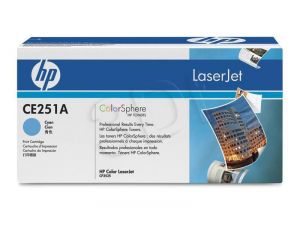 Toner HP niebieski HP 504, HP504=CE251A, 7000 str.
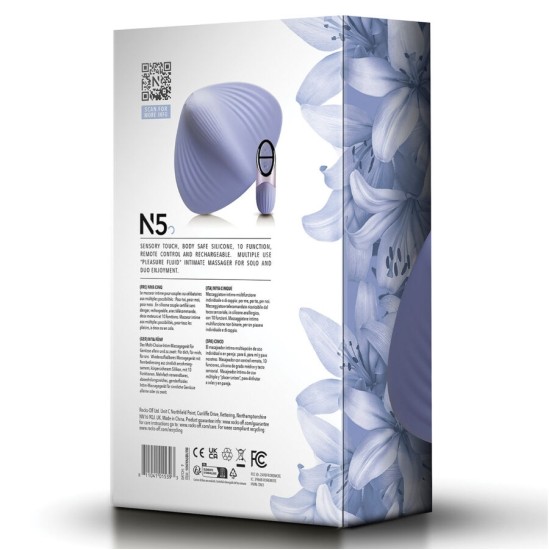 Rocks-Off NIYA N5 MULTI-USE INTIMATE MASSAGER WITH REMOTE CONTROL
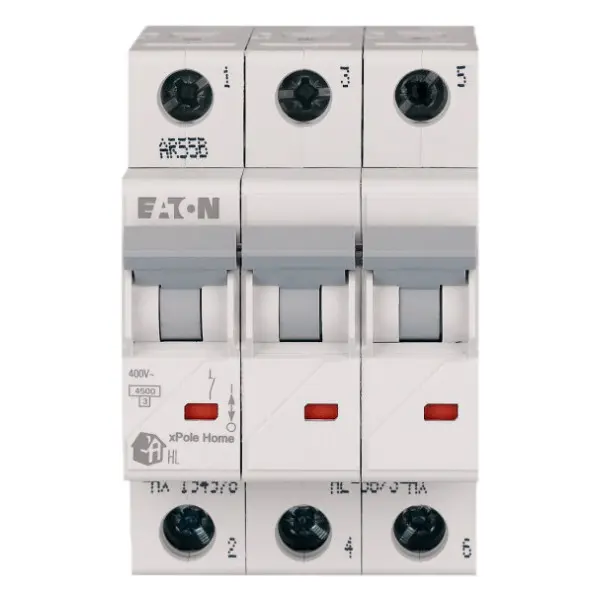 Автоматический выключатель Eaton Moeller HL-C32/3 - фото №1 Автоматический выключатель Eaton Moeller HL-C32/3 - фото №1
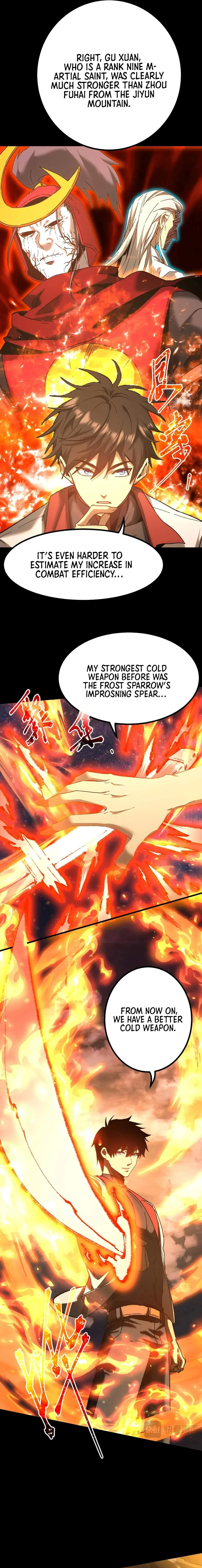 Logging 10,000 Years into the Future (Apex Future Martial Arts) Chapter 137 page 3
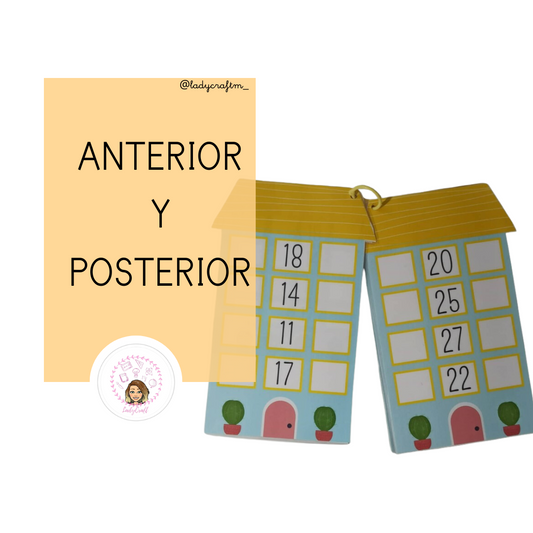 Anterior y Posterior | Ladycraft E-Books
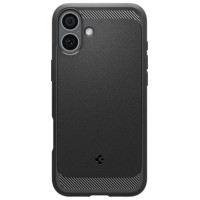 Spigen Rugged Armor MagSafe case for iPhone 16 - black
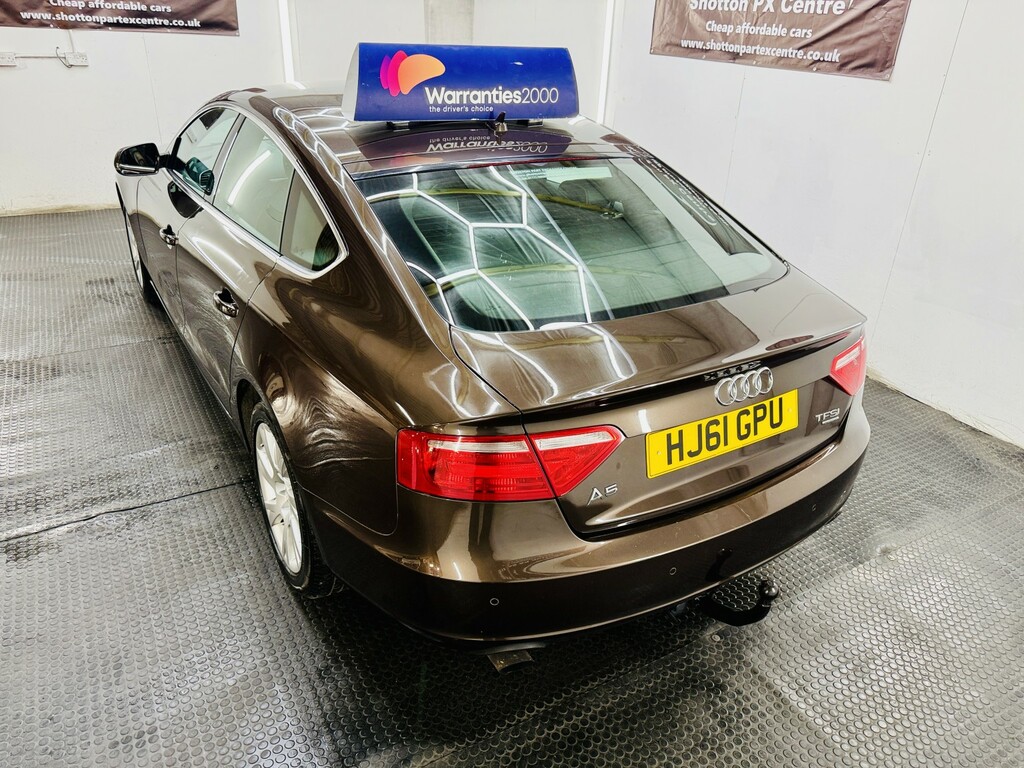 Audi A5 2.0 Tfsi Se Quattro Brown #5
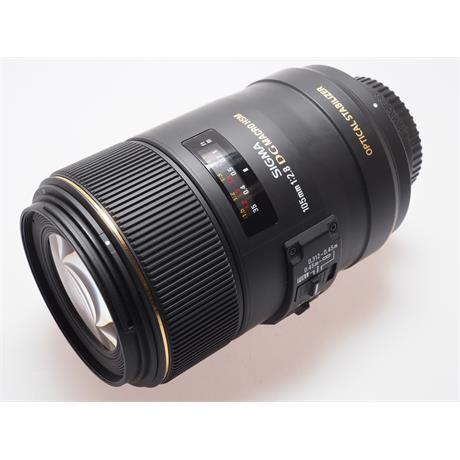 Sigma 105mm F2.8 Macro EX DG OS HSM  - Nikon A thumbnail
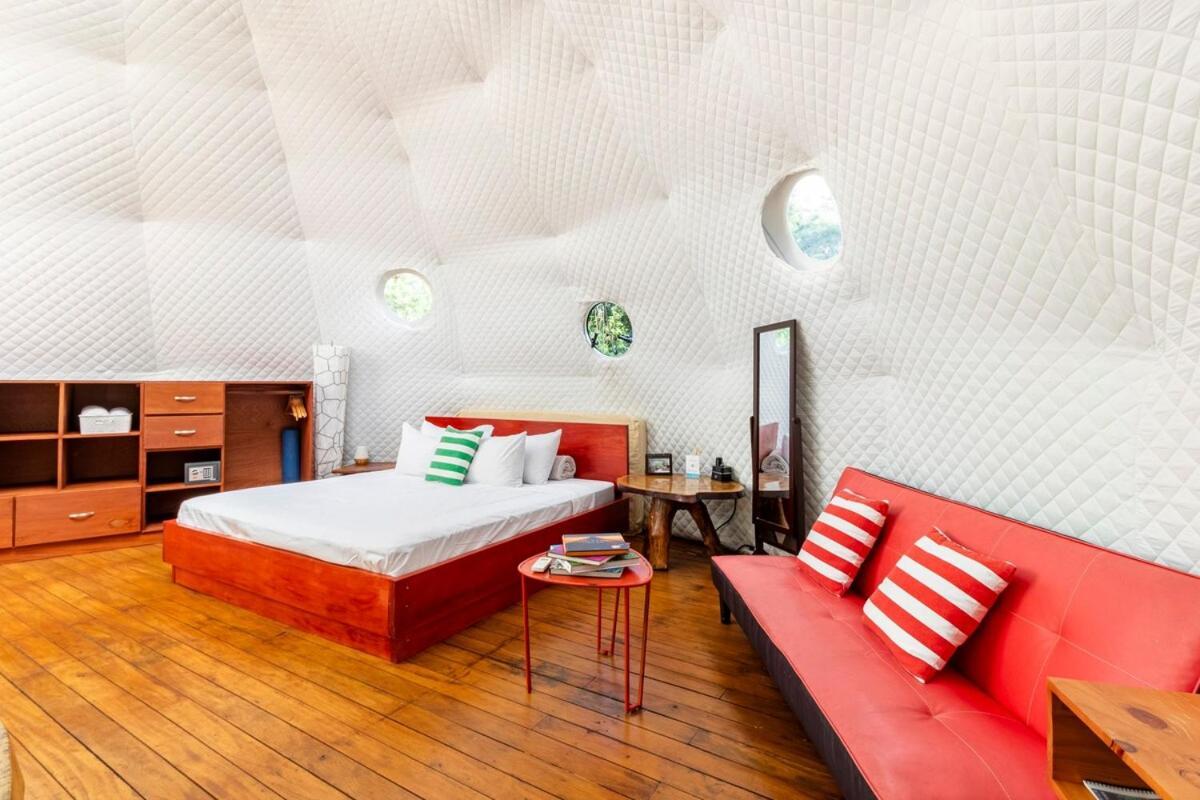 Bitzu Dome-Bijagua Riverside Glamping Exterior photo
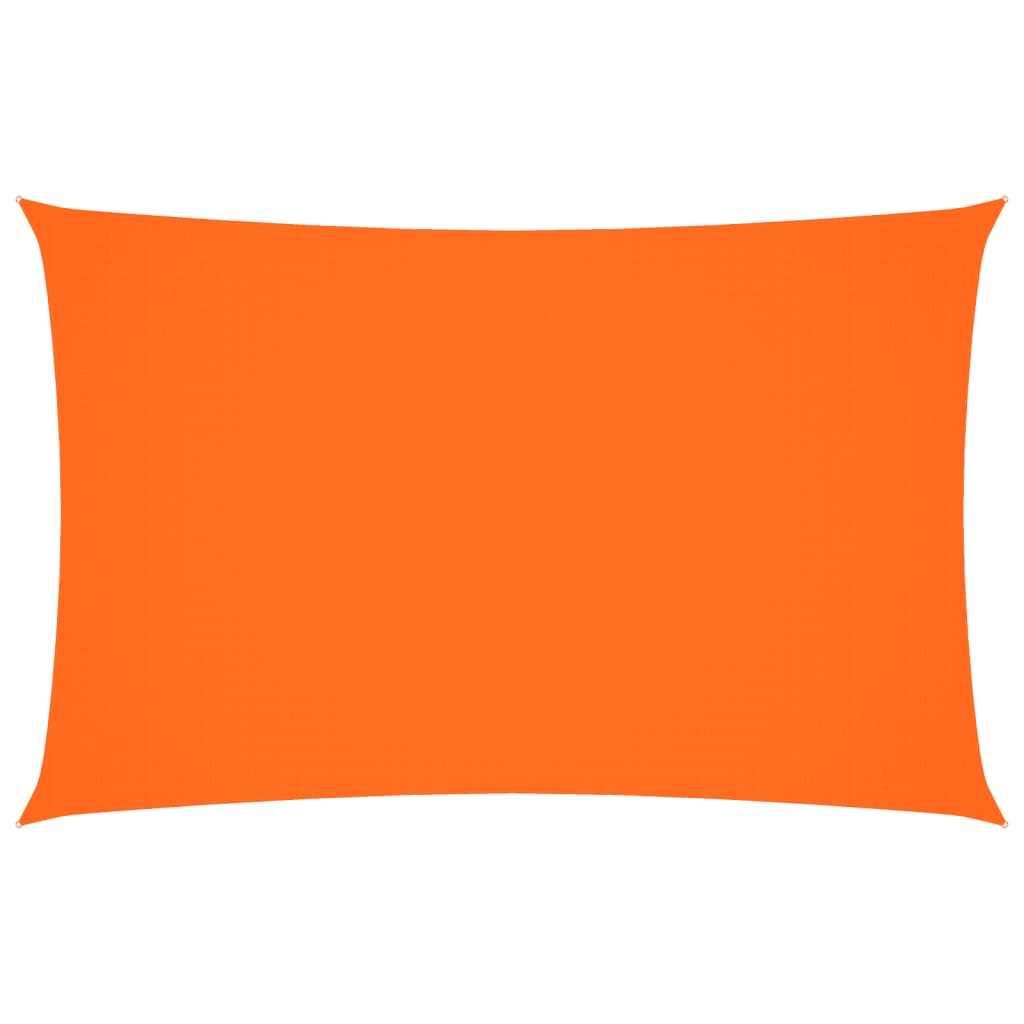 vidaXL Πανί Σκίασης Ορθογώνιο Πορτοκαλί 2 x 4,5 μ. από Ύφασμα Oxford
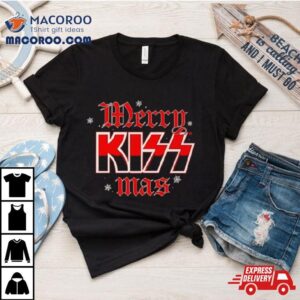 Merry Kiss Mas Holiday Tshirt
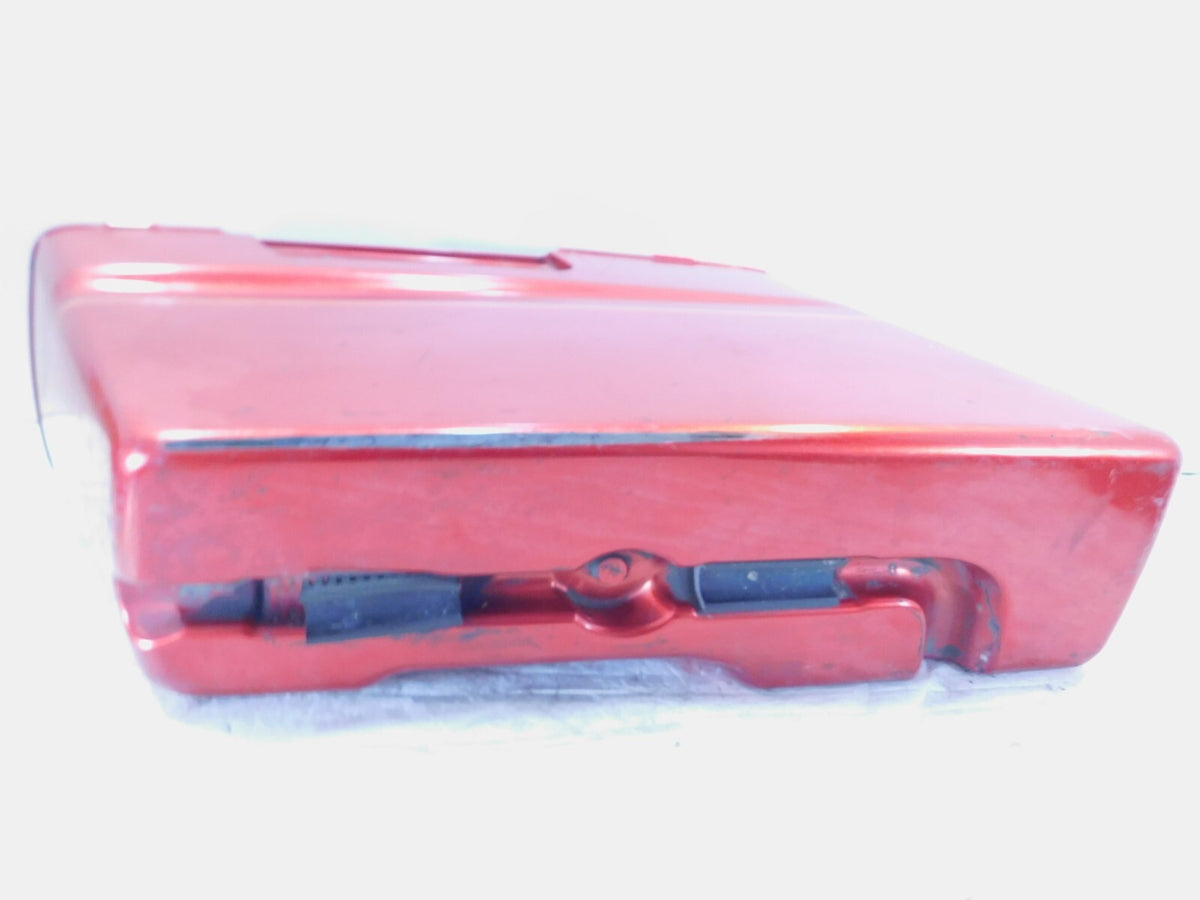 Harley Davidson Road King Street & Electra Glide Red Right Saddlebag Bottom - C3 Cycle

•••••

■ **Work task**
Your copy should hold exactly the lines from the one with "Bitzu Dome-Bijagua Riverside" through the final line of the records, both ends included, and no pictures.

■ **Task solution**
 Bitzu Dome-Bijagua Riverside Glamping Exterior photo
 vidaXL Πανί Σκίασης Ορθογώνιο Πορτοκαλί 2 x 4,5 μ. από Ύφασμα Oxford
 Merry Kiss Mas Holiday Tshirt
 Harley Davidson Road King Street & Electra Glide Red Right Saddlebag Bottom - C3 Cycle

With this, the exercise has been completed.